*PROBLEM TO SOLVE:* From the records below, transcribe only the lines running from the one with "Dean Terasaki opens" through the one with "16634 Jamaica Beach". Keep both of those end lines.

[Short web captions]
------------------------------------------------------------------------
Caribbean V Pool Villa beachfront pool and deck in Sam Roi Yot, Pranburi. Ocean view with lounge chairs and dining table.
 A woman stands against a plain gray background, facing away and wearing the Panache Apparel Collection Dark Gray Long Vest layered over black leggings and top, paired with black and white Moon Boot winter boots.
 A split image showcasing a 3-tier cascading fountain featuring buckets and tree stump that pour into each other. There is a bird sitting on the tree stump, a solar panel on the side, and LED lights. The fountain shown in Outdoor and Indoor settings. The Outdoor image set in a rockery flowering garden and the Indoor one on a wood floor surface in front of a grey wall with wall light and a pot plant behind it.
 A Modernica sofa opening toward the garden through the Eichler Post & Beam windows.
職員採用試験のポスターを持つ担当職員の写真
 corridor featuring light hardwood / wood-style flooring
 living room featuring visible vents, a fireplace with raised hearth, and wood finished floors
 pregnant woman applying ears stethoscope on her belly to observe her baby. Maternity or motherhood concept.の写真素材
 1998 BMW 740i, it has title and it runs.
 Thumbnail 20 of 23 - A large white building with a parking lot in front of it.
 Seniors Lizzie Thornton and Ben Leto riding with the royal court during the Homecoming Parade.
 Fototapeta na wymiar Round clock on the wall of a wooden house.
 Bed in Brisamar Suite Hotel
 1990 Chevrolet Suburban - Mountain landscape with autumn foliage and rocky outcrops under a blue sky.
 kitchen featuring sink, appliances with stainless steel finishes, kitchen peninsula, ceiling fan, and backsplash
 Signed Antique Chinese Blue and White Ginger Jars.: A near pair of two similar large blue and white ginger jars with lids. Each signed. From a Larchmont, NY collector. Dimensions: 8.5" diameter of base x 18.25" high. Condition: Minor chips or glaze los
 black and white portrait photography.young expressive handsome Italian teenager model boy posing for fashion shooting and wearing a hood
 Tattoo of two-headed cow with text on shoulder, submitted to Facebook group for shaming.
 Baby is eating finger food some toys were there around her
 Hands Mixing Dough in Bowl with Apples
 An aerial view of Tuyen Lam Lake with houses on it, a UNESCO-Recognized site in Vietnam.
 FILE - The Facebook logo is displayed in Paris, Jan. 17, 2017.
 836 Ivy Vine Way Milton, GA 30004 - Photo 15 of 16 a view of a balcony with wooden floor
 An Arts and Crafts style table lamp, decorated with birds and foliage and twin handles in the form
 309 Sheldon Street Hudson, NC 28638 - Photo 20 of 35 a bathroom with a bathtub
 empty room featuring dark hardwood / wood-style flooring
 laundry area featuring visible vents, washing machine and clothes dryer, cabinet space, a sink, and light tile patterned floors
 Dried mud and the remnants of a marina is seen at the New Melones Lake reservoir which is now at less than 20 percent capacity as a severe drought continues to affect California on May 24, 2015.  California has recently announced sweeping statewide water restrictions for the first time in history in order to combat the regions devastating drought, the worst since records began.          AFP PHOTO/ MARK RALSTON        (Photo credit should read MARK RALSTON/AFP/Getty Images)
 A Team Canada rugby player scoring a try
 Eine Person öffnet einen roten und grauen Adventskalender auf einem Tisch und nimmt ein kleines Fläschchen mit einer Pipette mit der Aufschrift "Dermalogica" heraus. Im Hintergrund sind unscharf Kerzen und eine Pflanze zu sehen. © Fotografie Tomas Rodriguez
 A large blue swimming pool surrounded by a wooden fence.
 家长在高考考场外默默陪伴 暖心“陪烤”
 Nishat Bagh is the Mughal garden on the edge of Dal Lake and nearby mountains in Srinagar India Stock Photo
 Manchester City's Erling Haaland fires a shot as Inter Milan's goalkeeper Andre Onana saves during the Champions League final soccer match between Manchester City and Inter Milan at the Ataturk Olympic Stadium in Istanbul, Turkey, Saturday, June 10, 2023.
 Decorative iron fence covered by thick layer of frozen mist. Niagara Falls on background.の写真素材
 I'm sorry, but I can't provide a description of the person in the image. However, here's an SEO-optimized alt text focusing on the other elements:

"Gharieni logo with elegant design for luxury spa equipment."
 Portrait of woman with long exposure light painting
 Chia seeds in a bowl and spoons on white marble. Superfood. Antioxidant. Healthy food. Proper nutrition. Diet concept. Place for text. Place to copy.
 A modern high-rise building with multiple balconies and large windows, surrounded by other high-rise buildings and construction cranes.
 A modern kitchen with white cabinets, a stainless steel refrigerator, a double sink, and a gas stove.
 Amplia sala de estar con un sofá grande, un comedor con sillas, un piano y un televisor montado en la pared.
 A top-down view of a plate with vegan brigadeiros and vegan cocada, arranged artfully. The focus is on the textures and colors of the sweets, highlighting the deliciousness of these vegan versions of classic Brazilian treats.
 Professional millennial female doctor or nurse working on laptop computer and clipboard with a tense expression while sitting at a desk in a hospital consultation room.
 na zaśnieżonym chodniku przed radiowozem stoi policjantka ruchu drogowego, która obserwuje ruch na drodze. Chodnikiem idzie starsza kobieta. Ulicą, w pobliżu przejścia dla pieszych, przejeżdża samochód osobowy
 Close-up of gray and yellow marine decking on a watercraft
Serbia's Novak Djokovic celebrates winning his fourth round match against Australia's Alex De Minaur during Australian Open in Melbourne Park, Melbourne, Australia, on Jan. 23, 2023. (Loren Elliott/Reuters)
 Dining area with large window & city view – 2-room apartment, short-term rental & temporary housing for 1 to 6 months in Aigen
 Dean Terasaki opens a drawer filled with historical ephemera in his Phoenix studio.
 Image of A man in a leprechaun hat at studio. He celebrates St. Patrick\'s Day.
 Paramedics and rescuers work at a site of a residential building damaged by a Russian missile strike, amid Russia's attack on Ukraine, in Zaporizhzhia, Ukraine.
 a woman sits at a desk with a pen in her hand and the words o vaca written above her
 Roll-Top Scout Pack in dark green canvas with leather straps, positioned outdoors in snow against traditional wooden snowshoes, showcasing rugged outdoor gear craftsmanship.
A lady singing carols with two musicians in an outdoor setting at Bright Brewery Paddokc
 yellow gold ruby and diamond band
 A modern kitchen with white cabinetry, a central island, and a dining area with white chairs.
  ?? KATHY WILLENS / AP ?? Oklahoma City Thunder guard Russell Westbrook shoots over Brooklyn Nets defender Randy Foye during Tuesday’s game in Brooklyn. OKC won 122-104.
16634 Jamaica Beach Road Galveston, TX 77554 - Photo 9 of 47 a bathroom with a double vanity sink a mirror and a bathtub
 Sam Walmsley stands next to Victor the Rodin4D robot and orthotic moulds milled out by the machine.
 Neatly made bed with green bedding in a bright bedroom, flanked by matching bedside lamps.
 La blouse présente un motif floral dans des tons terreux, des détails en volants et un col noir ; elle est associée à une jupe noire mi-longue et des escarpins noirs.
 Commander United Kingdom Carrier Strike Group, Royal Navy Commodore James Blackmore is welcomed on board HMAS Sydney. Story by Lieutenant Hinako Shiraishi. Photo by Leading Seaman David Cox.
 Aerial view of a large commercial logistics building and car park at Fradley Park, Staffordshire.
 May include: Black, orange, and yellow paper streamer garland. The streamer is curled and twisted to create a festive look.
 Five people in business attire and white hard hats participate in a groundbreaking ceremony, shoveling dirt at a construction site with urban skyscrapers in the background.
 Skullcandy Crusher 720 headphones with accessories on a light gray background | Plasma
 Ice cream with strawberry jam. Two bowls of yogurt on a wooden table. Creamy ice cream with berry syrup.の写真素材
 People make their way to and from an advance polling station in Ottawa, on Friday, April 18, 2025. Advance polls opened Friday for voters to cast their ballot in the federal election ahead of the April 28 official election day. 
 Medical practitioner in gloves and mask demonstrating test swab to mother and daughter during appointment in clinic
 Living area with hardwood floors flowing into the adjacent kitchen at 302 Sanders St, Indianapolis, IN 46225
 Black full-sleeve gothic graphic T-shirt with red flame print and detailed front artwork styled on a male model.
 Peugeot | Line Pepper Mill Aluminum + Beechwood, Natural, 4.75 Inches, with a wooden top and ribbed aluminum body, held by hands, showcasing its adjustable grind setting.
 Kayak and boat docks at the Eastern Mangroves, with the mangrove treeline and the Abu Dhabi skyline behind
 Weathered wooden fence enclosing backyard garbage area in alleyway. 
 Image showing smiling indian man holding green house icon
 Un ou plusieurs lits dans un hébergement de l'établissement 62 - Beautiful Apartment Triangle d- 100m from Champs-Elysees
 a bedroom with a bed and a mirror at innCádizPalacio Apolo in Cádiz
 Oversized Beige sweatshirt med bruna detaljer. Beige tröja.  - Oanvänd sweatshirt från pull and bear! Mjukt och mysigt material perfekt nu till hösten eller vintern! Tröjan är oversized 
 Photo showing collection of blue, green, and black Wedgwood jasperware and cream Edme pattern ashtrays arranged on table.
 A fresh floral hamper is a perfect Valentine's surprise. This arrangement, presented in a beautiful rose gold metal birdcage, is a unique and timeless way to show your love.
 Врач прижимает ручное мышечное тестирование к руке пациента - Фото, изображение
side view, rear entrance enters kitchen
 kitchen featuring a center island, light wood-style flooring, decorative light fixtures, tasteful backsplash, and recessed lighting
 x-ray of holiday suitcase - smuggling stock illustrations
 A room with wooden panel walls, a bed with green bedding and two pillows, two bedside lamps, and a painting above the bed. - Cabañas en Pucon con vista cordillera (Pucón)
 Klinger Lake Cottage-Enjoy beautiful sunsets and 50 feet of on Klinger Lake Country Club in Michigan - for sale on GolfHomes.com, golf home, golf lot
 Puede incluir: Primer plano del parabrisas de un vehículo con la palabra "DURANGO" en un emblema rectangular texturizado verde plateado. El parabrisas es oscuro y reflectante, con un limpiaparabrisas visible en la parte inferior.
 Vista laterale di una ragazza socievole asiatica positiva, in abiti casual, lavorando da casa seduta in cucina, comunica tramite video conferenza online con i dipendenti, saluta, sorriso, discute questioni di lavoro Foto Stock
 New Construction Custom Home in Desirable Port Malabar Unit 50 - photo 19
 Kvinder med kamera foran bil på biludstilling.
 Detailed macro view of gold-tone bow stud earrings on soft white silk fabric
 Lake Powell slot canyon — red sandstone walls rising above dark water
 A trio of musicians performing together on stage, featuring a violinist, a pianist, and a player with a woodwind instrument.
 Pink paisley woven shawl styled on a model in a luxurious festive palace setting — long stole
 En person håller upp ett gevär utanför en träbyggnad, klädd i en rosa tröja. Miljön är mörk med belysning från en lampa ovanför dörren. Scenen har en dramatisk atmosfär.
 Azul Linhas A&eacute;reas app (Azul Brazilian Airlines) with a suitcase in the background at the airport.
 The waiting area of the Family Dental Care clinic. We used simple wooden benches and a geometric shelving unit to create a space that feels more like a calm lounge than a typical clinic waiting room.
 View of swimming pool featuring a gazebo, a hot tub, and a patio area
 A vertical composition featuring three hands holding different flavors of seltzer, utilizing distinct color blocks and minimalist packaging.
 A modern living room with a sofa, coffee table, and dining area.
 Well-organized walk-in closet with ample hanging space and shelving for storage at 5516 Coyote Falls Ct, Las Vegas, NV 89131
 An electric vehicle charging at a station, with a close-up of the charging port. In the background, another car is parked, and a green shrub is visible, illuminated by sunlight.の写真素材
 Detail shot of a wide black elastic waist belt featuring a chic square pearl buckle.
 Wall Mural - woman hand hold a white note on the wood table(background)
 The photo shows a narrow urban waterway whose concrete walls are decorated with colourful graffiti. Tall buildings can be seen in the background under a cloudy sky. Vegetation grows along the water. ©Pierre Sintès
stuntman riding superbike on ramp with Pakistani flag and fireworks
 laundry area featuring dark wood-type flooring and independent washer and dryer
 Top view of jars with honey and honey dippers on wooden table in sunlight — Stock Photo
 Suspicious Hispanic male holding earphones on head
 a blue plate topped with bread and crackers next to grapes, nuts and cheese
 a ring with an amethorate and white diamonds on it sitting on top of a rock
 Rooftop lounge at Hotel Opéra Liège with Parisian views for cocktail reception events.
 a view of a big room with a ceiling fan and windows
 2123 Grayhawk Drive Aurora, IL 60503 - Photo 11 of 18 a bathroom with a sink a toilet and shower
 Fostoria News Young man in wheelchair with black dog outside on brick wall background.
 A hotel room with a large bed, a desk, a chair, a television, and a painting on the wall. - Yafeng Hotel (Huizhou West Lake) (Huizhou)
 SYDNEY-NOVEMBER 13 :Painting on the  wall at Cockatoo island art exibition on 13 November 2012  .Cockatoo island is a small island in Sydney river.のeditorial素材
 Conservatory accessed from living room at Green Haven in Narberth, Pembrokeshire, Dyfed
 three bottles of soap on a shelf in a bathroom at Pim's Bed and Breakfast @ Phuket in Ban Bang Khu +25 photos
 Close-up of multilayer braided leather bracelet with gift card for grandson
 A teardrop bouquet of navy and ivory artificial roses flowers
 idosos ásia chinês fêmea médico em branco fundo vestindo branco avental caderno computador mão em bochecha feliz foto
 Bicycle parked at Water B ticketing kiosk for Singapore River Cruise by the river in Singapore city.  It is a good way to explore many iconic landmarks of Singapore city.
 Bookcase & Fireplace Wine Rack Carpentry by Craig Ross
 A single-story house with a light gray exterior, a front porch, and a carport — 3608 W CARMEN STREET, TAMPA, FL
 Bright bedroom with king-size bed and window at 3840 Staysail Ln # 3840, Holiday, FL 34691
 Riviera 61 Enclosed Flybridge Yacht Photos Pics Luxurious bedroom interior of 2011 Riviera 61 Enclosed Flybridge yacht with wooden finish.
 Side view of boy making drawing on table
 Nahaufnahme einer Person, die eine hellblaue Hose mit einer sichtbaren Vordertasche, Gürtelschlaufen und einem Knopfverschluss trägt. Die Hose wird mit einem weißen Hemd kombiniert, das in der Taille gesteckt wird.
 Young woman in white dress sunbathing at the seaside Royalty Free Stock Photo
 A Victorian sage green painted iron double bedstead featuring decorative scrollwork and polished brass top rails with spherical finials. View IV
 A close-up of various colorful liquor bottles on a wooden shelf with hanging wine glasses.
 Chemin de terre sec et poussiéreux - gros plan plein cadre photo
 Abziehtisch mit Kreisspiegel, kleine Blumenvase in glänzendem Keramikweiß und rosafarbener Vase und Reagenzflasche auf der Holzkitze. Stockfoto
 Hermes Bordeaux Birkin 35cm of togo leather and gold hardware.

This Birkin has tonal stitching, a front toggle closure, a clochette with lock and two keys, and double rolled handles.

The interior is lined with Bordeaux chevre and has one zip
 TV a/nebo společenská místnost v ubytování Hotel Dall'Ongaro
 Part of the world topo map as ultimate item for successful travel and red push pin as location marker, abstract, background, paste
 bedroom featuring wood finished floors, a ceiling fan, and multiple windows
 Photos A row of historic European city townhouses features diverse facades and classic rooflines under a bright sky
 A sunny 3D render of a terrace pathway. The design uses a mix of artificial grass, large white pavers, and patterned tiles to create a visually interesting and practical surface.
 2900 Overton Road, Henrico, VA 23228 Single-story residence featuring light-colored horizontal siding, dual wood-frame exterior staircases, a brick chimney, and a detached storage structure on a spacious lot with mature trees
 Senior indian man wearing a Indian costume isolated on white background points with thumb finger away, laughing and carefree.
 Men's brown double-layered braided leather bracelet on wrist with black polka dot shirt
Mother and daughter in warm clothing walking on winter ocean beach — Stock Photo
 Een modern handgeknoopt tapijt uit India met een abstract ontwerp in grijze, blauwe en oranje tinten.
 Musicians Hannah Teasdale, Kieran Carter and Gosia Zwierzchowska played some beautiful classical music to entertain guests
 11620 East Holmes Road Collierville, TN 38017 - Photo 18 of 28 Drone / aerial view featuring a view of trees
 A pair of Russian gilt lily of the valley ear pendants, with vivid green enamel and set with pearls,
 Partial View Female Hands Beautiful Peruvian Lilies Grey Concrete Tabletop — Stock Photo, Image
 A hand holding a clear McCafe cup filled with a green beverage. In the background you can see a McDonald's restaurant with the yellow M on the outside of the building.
------------------------------------------------------------------------
*EXERCISE SOLUTION:*
 Dean Terasaki opens a drawer filled with historical ephemera in his Phoenix studio.
 Image of A man in a leprechaun hat at studio. He celebrates St. Patrick\'s Day.
 Paramedics and rescuers work at a site of a residential building damaged by a Russian missile strike, amid Russia's attack on Ukraine, in Zaporizhzhia, Ukraine.
 a woman sits at a desk with a pen in her hand and the words o vaca written above her
 Roll-Top Scout Pack in dark green canvas with leather straps, positioned outdoors in snow against traditional wooden snowshoes, showcasing rugged outdoor gear craftsmanship.
A lady singing carols with two musicians in an outdoor setting at Bright Brewery Paddokc
 yellow gold ruby and diamond band
 A modern kitchen with white cabinetry, a central island, and a dining area with white chairs.
  ?? KATHY WILLENS / AP ?? Oklahoma City Thunder guard Russell Westbrook shoots over Brooklyn Nets defender Randy Foye during Tuesday’s game in Brooklyn. OKC won 122-104.
16634 Jamaica Beach Road Galveston, TX 77554 - Photo 9 of 47 a bathroom with a double vanity sink a mirror and a bathtub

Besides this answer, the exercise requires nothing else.